PNP chief goes after cops who forfeit court cases
MANILA, Philippines—These lazy cops may soon find themselves behind bars.
Philippine National Police Director General Alan Purisima on Wednesday ordered the filing of administrative and criminal charges against 34 policemen whose failure to appear in court hearings led to the dismissal of charges against arrested drug suspects.
Purisima reiterated his directive to all policemen handling drug cases to religiously attend court trials to help expedite the prosecution of drug pushers and manufacturers.
He instructed the PNP’s main anti-narcotics unit, the Anti-Illegal Drugs Special Operations Task Force, to closely monitor drug-related cases filed by the police in various courts nationwide.
“Maybe these policemen think that they can get away with what they are doing because nobody is watching them.
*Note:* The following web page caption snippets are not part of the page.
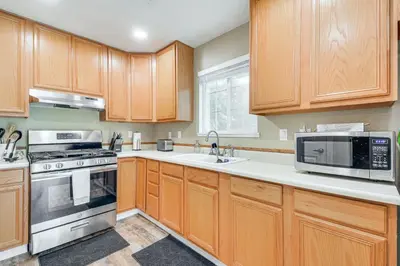 a kitchen with wooden cabinets and stainless steel appliances at Coulterville Home with Gazebo Near Lakes and Hiking! in Coulterville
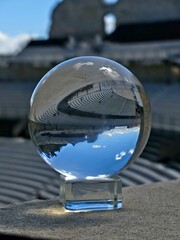 Orange, May 2023 : Visit the beautiful city of Orangeen Provence - Historical city with its arena and ancient theater - View on the theater Through a lens ball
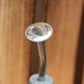 Eine Nahaufnahme der „Esschert Gießbrause Ball Grau L“, einer Gießkanne aus Metall mit kleinen Löchern für eine wassersparende und gezielte Pflanzenbewässerung, die an einem weißen Griff befestigt ist und vor einem Holzhintergrund steht.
They are wrong,” Purisima said in a news briefing at Camp Crame. “They will be facing not only administrative charges because the law says they also have criminal liability for their non-appearance in court hearings.”
Upon orders of the PNP chief, task force chief Senior Superintendent Napoleon Taas said his office was coordinating with the Philippine Drug Enforcement Agency and various courts to check on the status of pending drug cases.
According to Taas, they found out that at least 34 PNP personnel had been remiss in attending to their court duties, resulting in the dropping of charges against members of drug syndicates.
Asked if the erring policemen intentionally skipped court hearings to help drug suspects in exchange for money, he said, “We can only speculate.”
“It’s possible that they have been doing this for so long that they are now used to it. Maybe the past PNP leaderships did not prioritize attending to this situation,” Taas told the Inquirer. “With the directive of our PNP chief, we will be pro-active in monitoring drug cases. We will not wait for the courts or PDEA to tell us that some erring policemen may be bungling the cases.”
Taas said his office had submitted the names of the 34 policemen to the PNP Directorate of Investigation and Detective Management for pre-charge investigation.
Of this number, 24 were assigned to the anti-illegal drugs unit of several police stations in Metro Manila.
If found guilty, he said, the PNP personnel will be immediately dropped from the rolls.
Citing Section 91 of Republic Act 9165, or the Comprehensive Dangerous Drugs Act, he said the police officers may also spend up to 20 years in jail and pay a fine of not more than P500,000.
He said task force will also file the appropriate administrative and criminal charges against the direct superiors of these policemen.